How-to

How to Match an Optional Group

Put a ? after a character, group, or character class to make it optional. Groups with ? match zero or one occurrence of the whole group.

? after a single character

The simplest case — colou?r matches both 'color' and 'colour.' The ? makes the preceding u optional. Works the same for character classes: ab[cd]?e matches 'abe,' 'abce,' or 'abde.'

? after a group

Parenthesize first, then add ?. The entire group becomes optional. A ZIP+4 pattern is the canonical example: the base 5 digits are required, and the +4 extension is an optional -#### group.

ZIP code with optional +4

Try this
/^\d{5}(-\d{4})?$/

Input

90210-1234

Result

Match (captured -1234)

Same regex, base-only input

Try this
/^\d{5}(-\d{4})?$/

Input

90210

Result

Match (no +4 captured)

Non-capturing optional groups

If you don't need the submatch, use (?:...)? instead of (...)?. Slightly faster and keeps your $1 / $2 references aligned to the groups you actually care about.

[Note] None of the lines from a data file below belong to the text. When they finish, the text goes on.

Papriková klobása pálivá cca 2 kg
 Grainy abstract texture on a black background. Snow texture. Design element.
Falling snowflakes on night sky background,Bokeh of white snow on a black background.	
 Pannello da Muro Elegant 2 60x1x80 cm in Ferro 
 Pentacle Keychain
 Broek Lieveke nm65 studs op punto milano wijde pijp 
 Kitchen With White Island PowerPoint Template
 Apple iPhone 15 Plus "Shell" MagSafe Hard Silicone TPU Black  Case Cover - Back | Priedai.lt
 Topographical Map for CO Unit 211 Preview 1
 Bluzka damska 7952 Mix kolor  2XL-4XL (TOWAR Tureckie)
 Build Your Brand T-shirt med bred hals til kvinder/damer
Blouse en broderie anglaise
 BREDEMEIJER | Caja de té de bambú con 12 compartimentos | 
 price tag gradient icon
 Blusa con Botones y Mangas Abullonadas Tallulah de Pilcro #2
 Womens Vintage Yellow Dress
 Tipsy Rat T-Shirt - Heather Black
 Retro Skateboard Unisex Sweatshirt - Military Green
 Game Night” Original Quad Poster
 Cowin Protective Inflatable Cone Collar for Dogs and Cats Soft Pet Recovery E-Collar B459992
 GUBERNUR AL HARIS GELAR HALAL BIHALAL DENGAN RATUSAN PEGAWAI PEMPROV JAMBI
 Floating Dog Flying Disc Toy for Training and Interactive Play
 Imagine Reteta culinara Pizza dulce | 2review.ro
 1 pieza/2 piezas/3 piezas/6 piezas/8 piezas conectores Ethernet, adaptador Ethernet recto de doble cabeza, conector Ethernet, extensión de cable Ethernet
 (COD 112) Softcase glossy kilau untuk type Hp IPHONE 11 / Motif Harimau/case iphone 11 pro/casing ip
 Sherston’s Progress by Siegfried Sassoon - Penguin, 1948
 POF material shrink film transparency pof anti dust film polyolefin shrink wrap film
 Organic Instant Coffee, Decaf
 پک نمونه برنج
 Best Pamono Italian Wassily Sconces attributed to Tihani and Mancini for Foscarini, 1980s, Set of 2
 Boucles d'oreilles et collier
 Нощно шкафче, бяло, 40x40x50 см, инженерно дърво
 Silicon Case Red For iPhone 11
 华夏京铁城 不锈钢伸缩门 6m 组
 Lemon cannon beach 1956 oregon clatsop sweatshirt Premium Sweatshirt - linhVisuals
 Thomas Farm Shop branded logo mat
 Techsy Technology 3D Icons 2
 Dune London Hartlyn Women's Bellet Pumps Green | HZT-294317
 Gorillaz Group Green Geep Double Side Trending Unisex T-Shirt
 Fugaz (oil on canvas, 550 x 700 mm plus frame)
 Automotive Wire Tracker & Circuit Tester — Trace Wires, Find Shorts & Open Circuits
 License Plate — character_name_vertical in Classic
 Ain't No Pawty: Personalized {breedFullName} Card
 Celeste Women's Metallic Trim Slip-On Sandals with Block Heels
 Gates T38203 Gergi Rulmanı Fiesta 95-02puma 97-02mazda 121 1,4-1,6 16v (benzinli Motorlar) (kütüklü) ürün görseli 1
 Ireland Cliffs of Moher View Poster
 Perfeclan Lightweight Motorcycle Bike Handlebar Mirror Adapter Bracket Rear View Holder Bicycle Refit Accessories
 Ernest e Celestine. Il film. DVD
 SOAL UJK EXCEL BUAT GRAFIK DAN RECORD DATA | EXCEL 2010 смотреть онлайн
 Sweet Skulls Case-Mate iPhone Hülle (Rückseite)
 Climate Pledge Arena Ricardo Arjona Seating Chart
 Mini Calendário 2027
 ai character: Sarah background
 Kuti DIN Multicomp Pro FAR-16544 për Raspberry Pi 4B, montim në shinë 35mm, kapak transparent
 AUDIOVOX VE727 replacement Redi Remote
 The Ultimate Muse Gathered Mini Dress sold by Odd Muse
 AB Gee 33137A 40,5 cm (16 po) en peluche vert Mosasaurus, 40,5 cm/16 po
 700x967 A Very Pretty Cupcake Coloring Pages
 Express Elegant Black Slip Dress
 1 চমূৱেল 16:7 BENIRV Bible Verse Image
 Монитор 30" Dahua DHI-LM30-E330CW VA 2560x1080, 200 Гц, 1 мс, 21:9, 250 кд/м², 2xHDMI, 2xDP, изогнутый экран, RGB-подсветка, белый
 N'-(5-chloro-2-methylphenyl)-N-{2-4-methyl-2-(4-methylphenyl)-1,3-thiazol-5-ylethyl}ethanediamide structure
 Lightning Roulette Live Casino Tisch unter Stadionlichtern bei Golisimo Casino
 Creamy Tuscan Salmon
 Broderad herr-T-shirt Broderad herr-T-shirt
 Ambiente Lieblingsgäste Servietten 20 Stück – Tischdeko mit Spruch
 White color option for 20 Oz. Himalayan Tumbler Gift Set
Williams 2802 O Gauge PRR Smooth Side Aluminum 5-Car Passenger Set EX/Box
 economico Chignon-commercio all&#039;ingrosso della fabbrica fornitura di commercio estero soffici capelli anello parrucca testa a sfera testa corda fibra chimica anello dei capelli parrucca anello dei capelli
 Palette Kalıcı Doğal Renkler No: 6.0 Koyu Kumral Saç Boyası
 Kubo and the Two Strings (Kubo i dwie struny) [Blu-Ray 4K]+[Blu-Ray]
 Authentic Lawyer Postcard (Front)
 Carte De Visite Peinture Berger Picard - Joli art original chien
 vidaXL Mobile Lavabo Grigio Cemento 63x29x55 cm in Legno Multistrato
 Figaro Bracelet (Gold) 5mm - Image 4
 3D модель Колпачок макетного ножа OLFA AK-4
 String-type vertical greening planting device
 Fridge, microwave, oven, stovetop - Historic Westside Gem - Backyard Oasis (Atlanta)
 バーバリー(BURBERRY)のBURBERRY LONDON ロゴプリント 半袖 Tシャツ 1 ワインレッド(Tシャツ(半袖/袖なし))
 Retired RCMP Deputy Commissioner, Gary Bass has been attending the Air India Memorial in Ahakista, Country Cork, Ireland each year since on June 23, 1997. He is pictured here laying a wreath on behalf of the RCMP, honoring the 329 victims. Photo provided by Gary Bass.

Protocol optional, non-capturing

Try this
/(?:https?://)?www\.example\.com/

Input

www.example.com

Result

Match

Multiple optional pieces

Stack them as needed: (?:\+1[\s-]?)?\(?\d{3}\)?[\s-]?\d{3}[\s-]?\d{4} accepts US phone numbers with optional country code, optional parens around area code, and any of space/hyphen/nothing as separators. Each ? independently controls its own piece.